Campaign group Teach the Future is calling for an overhaul of the “broken” education system

Student campaigners are visiting parliament today to push for change in how the education system deals with climate change.

Teach the Future, which is a youth-led campaign, is calling for six main changes to the education system. These include a government review into how schools are preparing students for the climate emergency, teachers receiving formal training on the ecological crisis and a new Climate Emergency Education Bill.

The group crowdfunded today’s meeting of fifty students with MPs, raising a total of £11,746 in 56 days. The crowdfund was to cover the room hire for the parliamentary reception and the cost of drafting the bill, which is the first ever to be written by students.
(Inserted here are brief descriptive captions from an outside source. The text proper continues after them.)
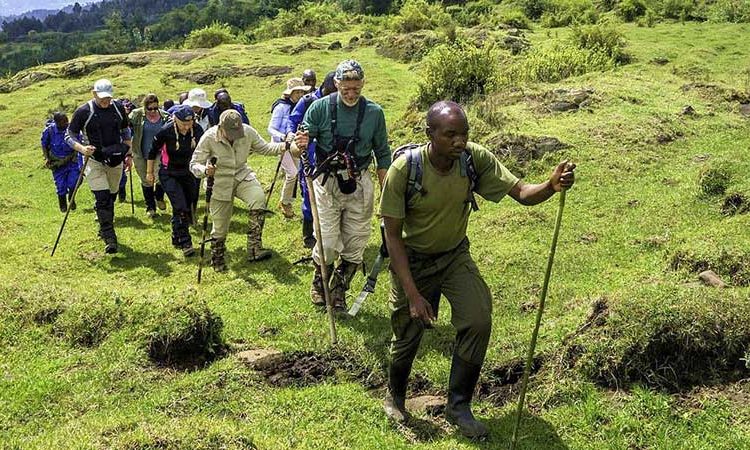 5-Days-Mount-Nyiragongo-Karisimbi-Hikes-750x450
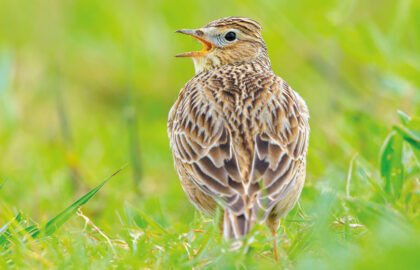 skylarks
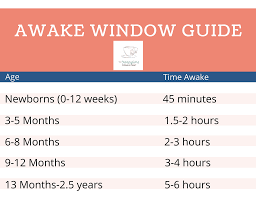 Navigating Early Morning Wake Ups - The Sleepytime Consultant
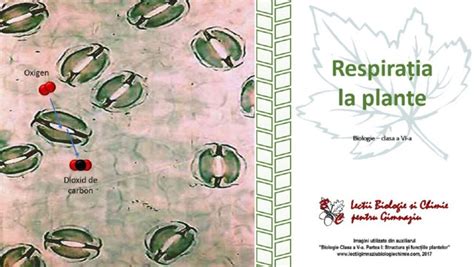 Respiratia La Plante 1 | PDF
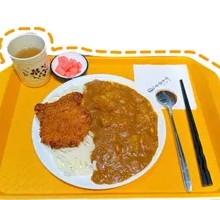 Pork Cutlet Curry Rice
Nadia Whittome, who at 24 is the youngest MP in parliament, is hosting the reception, and the students have invited all English MPs to attend.

The group hope to “get MPs on our side” following the meeting, according to a joint statement from partner group Students Organising for Sustainability (SOS-UK) and the NUS.

Sixth-former Joe Brindle, 17, is a founder member of Teach the Future. Speaking to BBC News, he said that “it’s educated people who are causing the most damage to the planet.”

“It’s people with degrees from Oxford and Cambridge who are becoming fossil-fuel chief executives and they are the ones who are causing the most destruction to our world.

“And therefore that shows that education is not succeeding and that our education is broken because education should be creating better people not worse.”

teach the future campaigners holding sign

TSR members discuss climate change activism

Following news last week that a number of Extinction Rebellion activists were arrested after digging up a Cambridge college’s lawn, TSR members have been sharing their thoughts on climate change activism – and the best ways for campaigners to get their message across.

The majority of TSR respondents (75%) thought that Extinction Rebellion’s latest protest was not effective, even if they agreed with the cause.

”Trouble is, ‘extra’ actions like this rarely draw attention to the cause, they draw attention to the action! There are much more effective ways of protesting,” comments Johnny Tightlips.

OliviaAveyard, on the other hand, says: “XR’s strategy is to use civil disobedience to draw attention to climate change. Climate change activists and scientists have been campaigning peacefully for years but nobody took the slightest bit of notice and nothing significant has been done about it.

“It’s only now that groups like XR have started doing things like this to shock people that people have taken notice and things have started to change.”

TSR member David-Isaac offers ideas for alternative ways to kickstart change, commenting: “The XR think that traditional methods of protest such as picket signs are highly ineffective. And I can understand why. Often, no-one in power listens and a bystander gets arrested.

However, I think there are much more effective and less destructive ways to protest… They could encourage people living in Cambridge to vote for an MP who us actively implementing solutions to climate change. They could encourage the students to pressure those above to invest in renewable energies.”